Two days later and we have gone back in time the ten hours necessary for our body clocks to adjust to African as opposed to Australian time. We are up at five to get to the airport for the nine-thirty flight, having been warned that long queues and slow check-ins make it necessary to allow two if not three hours grace. The terminal is a crush of people and bags and the Luanda check-in has the longest queue I have ever seen. It does not seem possible that so many people and bags could fit on one plane. But, as in India, there are some things it is best not to ponder for long. I can only hope the African equivalent of puja is at work and there will be enough prayers and marigolds to keep overloaded planes flying safely.

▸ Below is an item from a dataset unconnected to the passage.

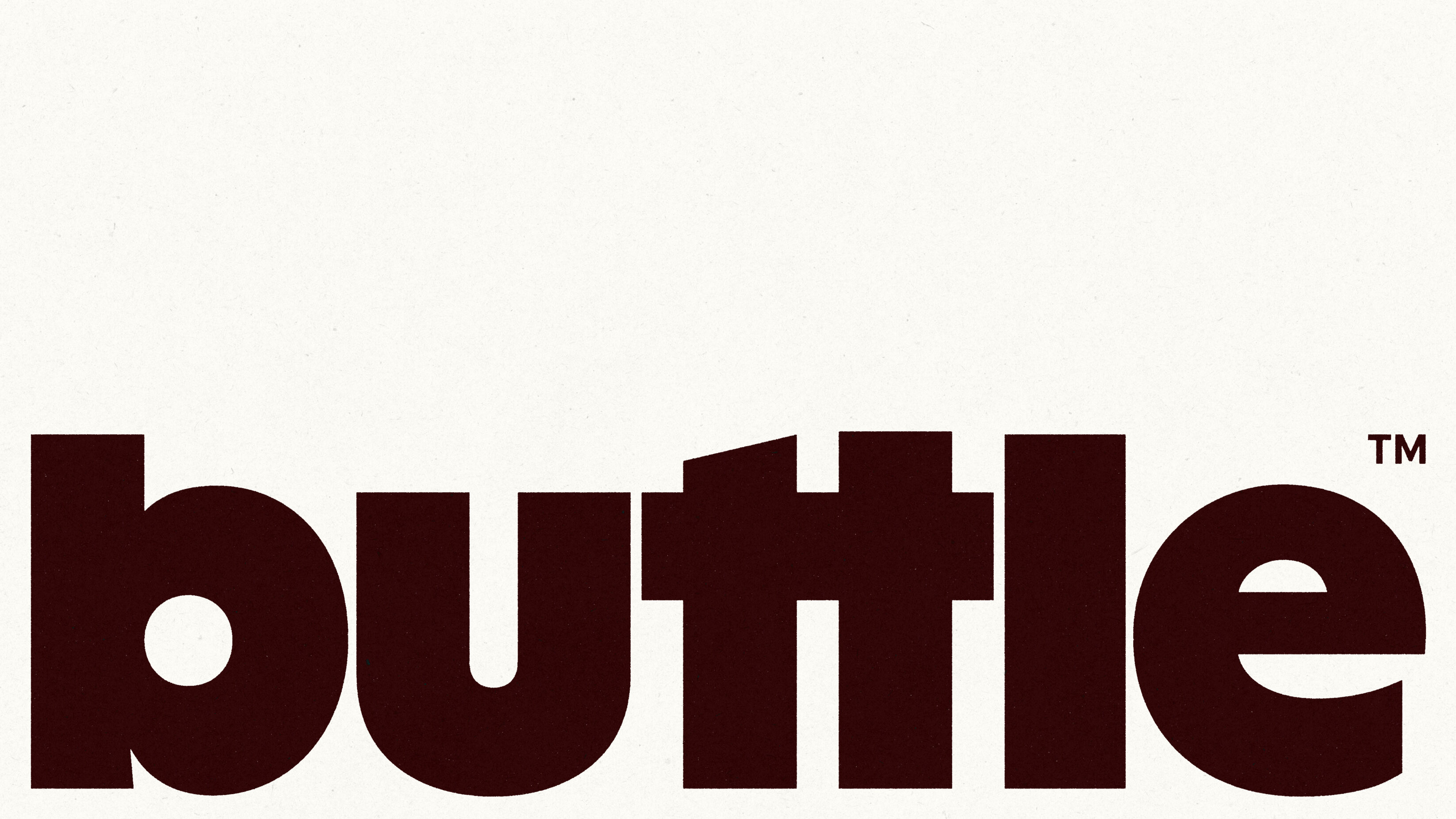 A large Buttle logo on a light cream background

The flight takes some three hours and is longer than it should be because the war has made most of Angolan air space dangerous. We come in from the south, out of Namibia, tracking down the coast and well away from rebel-held areas and any threat of missiles. Even so most landings are done as a spiral descent in order to make it harder for missiles to find their mark.
In that first glimpse Angola whispers of home, with  its dry red earth and a scratch of trees spreading  lazily toward far horizons. It is not long before Luanda lifts her weary head from the waste of powdered sand, looking like some dusty spread of stone and wreckage, cast carelessly along an erratic coast.  Through the aircraft window it has the grainy look of an old and tattered photograph or a barely focused magazine image of yet another dirt-shrouded African city. 

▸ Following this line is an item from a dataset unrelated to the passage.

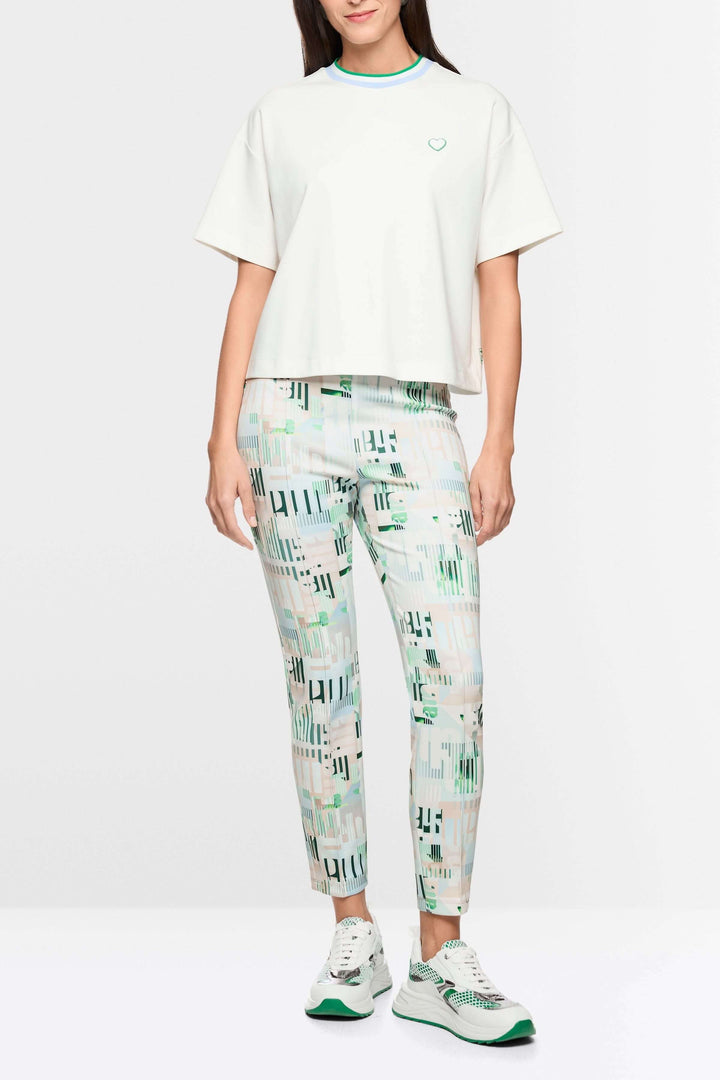 Femme portant un t-shirt avec détails en forme de cœur et à rayures, coupe ample, manches larges, encolure ronde avec liseré contrastant.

It also reminds me of Bombay, with the same sprawl of thin-shouldered shanties huddling miserably around the swollen belly of the city. Poverty looks much the same anywhere but a closer look reveals that at least here the poor are able to  build in cement rather than cardboard.  

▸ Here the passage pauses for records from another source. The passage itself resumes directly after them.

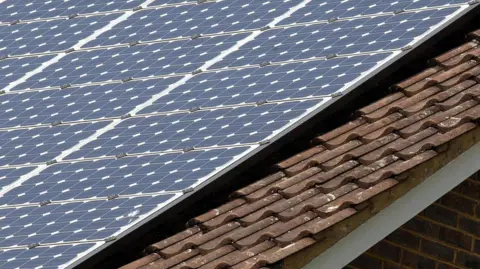 Generic image of solar panels on the roof of a building. The roof also has brown tiles on it.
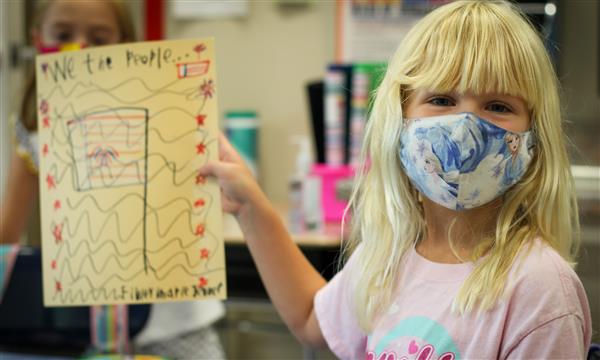 Girl holds up Constitution craft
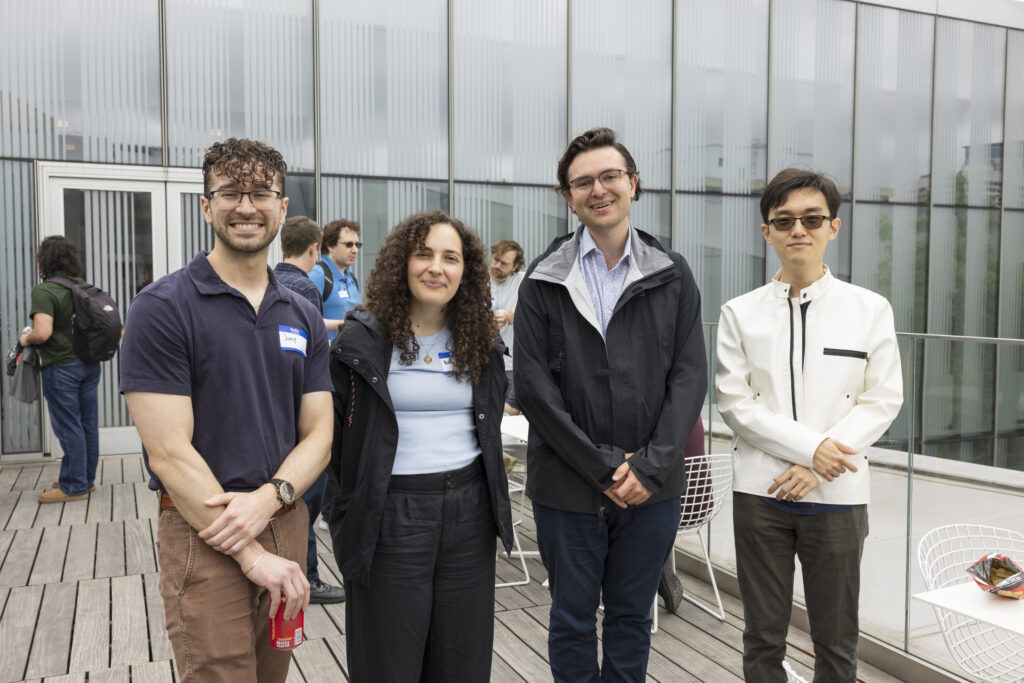 Four students stand together on an outdoor deck in front of the tall glass walls of the Singh Center. They are all smiling warmly and looking at the camera while other symposium guests mill about behind them.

Luanda takes its name from an island that today forms part of the city area, Loanda, meaning ‘flat land.’ The island had no mountains and was originally comprised only of sand that shifted with the tides and the flow of the nearby Kwanza river.  It is this red sand , the musseques, that crumbles into unstable gullies when the rains come.  In that respect it is good that the rains do not come often, although when they do they are merciless, tearing through the talc-like soil with fierce, liquid teeth.     Not only homes but lives are sucked into that turbulent drench.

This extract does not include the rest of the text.